Excerpts from a dataset
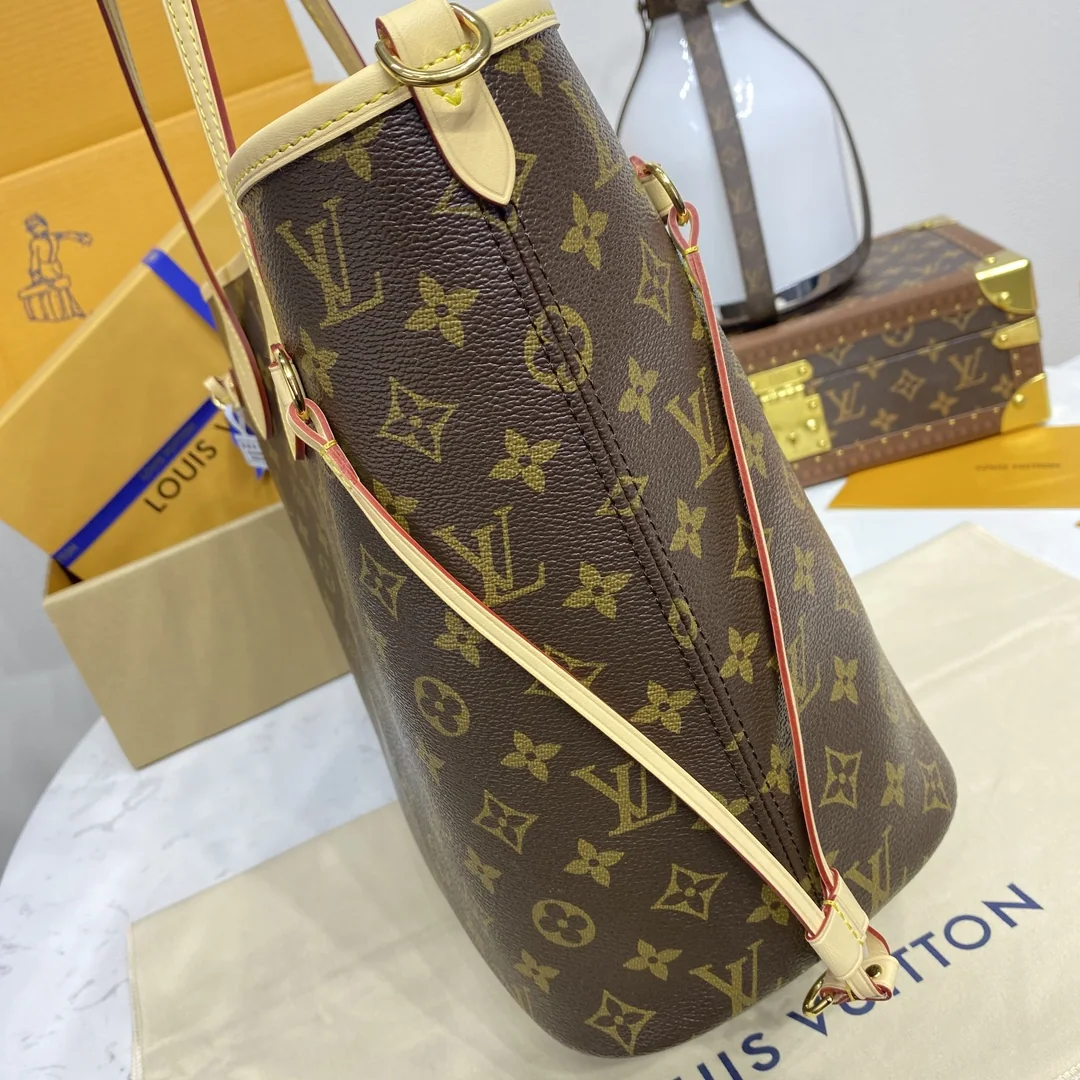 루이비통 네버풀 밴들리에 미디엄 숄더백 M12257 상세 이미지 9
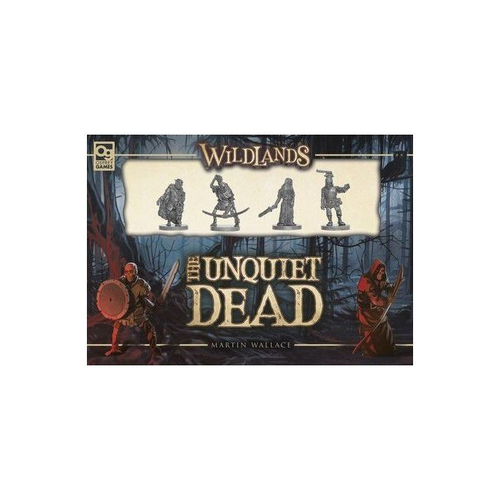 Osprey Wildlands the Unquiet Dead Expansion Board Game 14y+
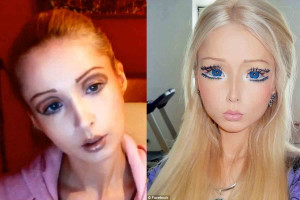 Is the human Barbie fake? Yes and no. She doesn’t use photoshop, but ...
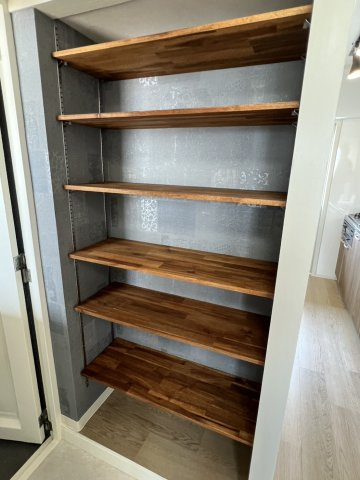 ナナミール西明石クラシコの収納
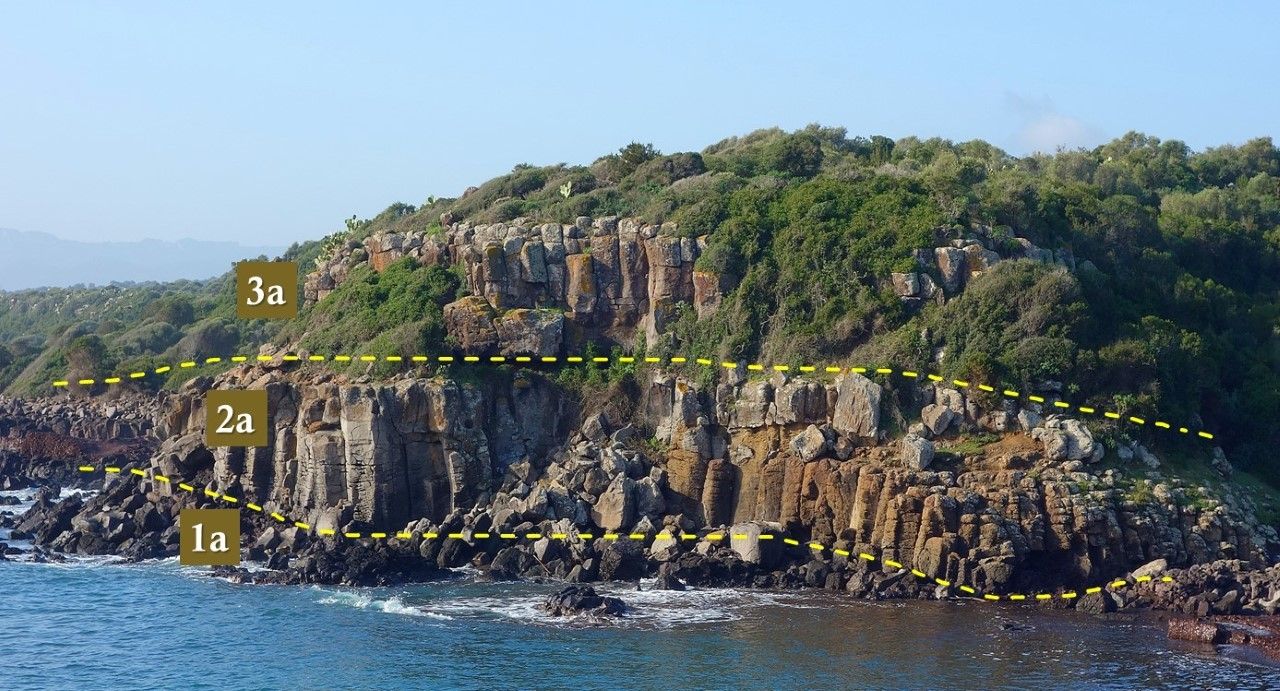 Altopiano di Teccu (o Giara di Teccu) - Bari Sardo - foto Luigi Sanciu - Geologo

...

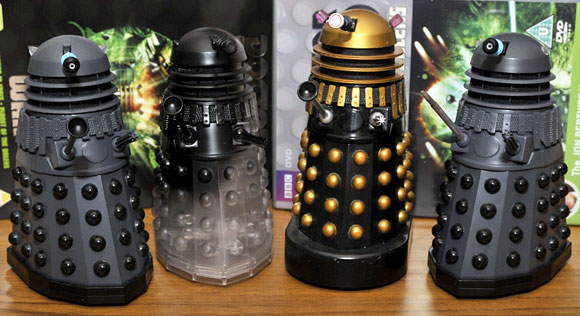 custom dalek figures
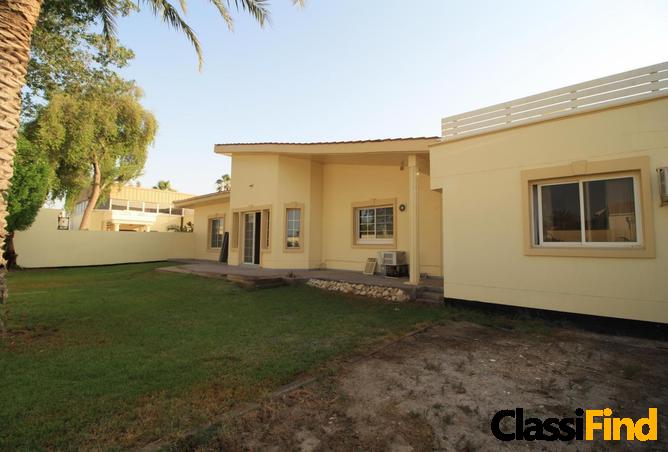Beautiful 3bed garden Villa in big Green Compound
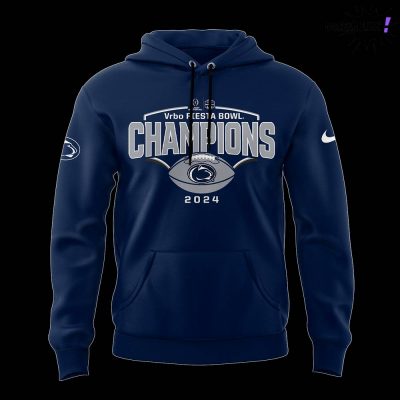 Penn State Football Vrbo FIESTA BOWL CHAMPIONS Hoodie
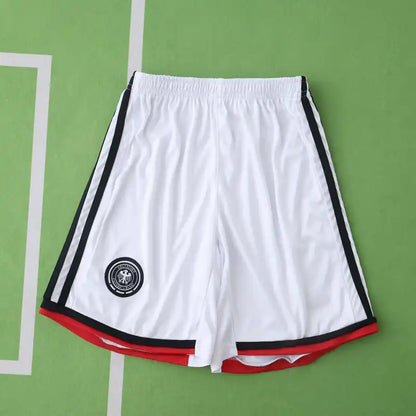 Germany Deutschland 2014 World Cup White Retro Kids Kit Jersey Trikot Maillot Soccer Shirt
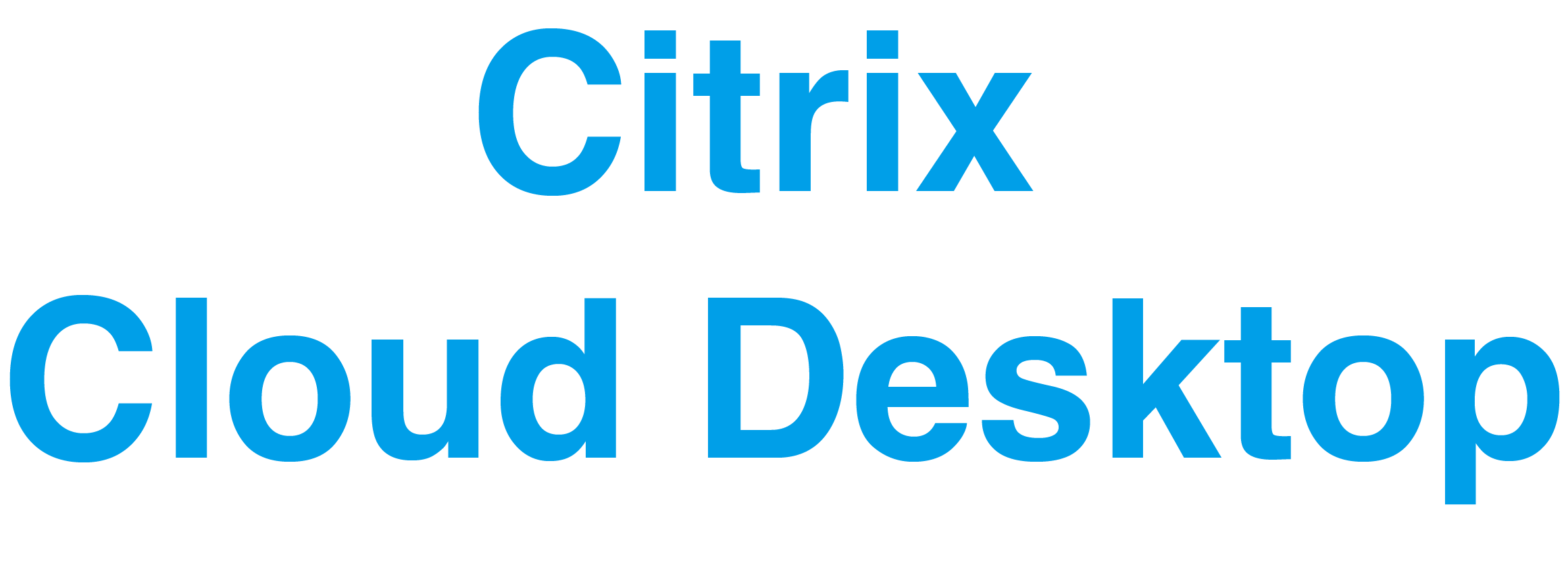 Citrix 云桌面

§ **Exercise**
Pictures in the entries do not go into the copy. Print only the lines starting at the one containing "루이비통 네버풀 밴들리에 미디엄 숄더백 M12257 상세 이미지 9" and ending at the one containing "Altopiano di Teccu", exactly as they appear.

§ **Result of the exercise**
 루이비통 네버풀 밴들리에 미디엄 숄더백 M12257 상세 이미지 9
 Osprey Wildlands the Unquiet Dead Expansion Board Game 14y+
 Is the human Barbie fake? Yes and no. She doesn’t use photoshop, but ...
 ナナミール西明石クラシコの収納
 Altopiano di Teccu (o Giara di Teccu) - Bari Sardo - foto Luigi Sanciu - Geologo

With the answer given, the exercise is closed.